Mayor’s Budget Would Slow City Spending on Schools

From the New York City Independent Budget Office

After four years of increasing city funding for the Board of Education (BOE), the Mayor’s Executive Budget for fiscal year 2002 would hold city funding essentially flat. The Budget increases city funds for the BOE by less than one percent above the current level—to $34 million. Over the past four years, increases have averaged 11 percent.

Because of restrictions on how some of the money is to be spent, this slight increase actually results in a $141 million decrease in city funds immediately available to the school system. The Mayor would hold $85 million in escrow outside the BOE budget, subject to his control, and would reserve $284 million in city funds for BOE collective bargaining needs—$90 million more than in the 2001 budget. These constraints on city funding are compounded by the Administration’s proposal to set aside $183 million in 2002 state aid for prospective labor settlements with the teachers and other unionized BOE employees.

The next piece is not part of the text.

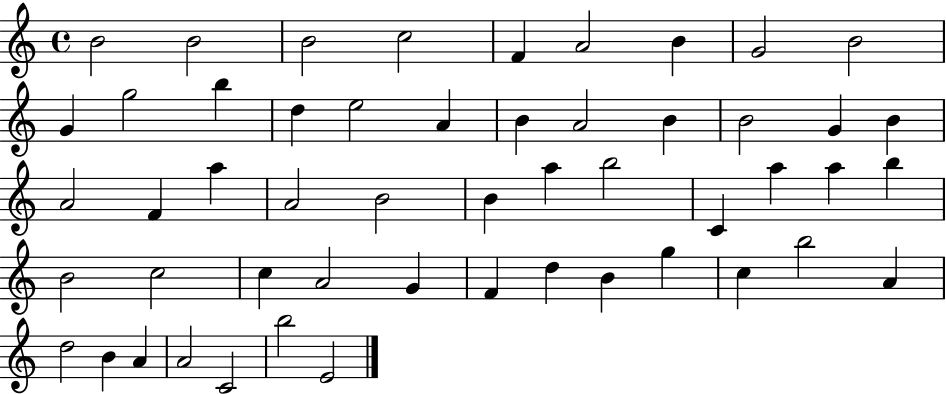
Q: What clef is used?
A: treble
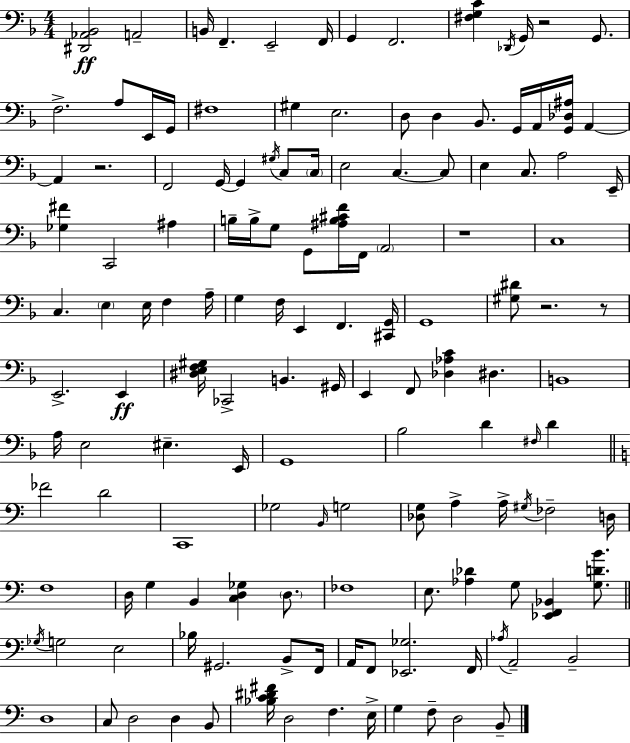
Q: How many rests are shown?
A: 5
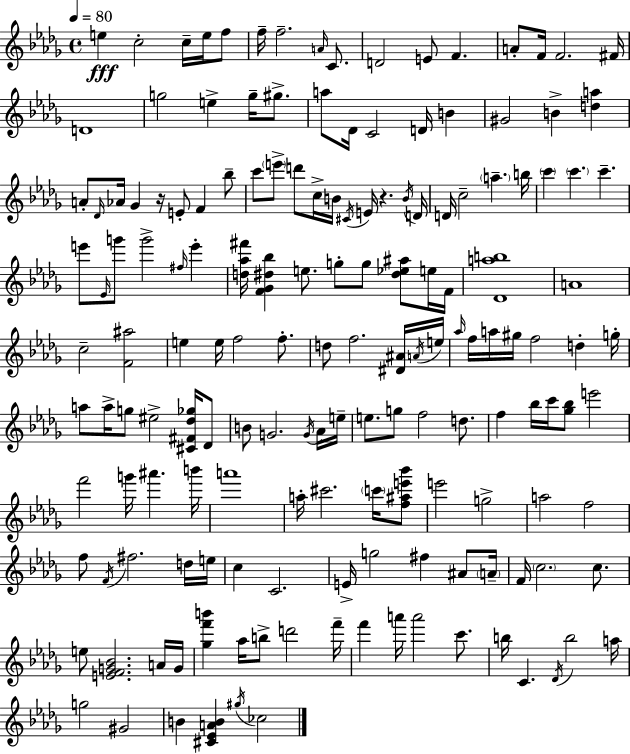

Because the State budget for 2002 is already late (the statutory deadline was April 1), the city must forecast the level of state aid when preparing its own spending plans. Thus, the Executive Budget assumes a $253 million increase in state funding for BOE, representing a 4.8 percent boost over 2001. While it seems reasonable to assume that State aid will rise given the legislature’s desire to increase support for education across the state, it is not at all certain that the bulk of the increase will occur in unrestricted school district operating aid. If the state provides less than $183 million in new unrestricted aid—directing increased state aid into categorical programs such as class size reduction instead—then BOE would have to trim spending in other areas to pay for the labor settlements.


Privatization Pressure

The Executive Budget proposes taking $80 million from the BOE budget and placing it in the escrow account until the Board signs contracts with private educational companies to manage some failing schools. This initiative seeks to pressure BOE to contract with these firms. The $80 million transfer sets aside an amount equal to 12 percent of the instructional budget for 98 low-performing schools. The Board recently attempted to convert five low-performing schools into privately managed charter schools, but parents at each of the schools defeated the plan.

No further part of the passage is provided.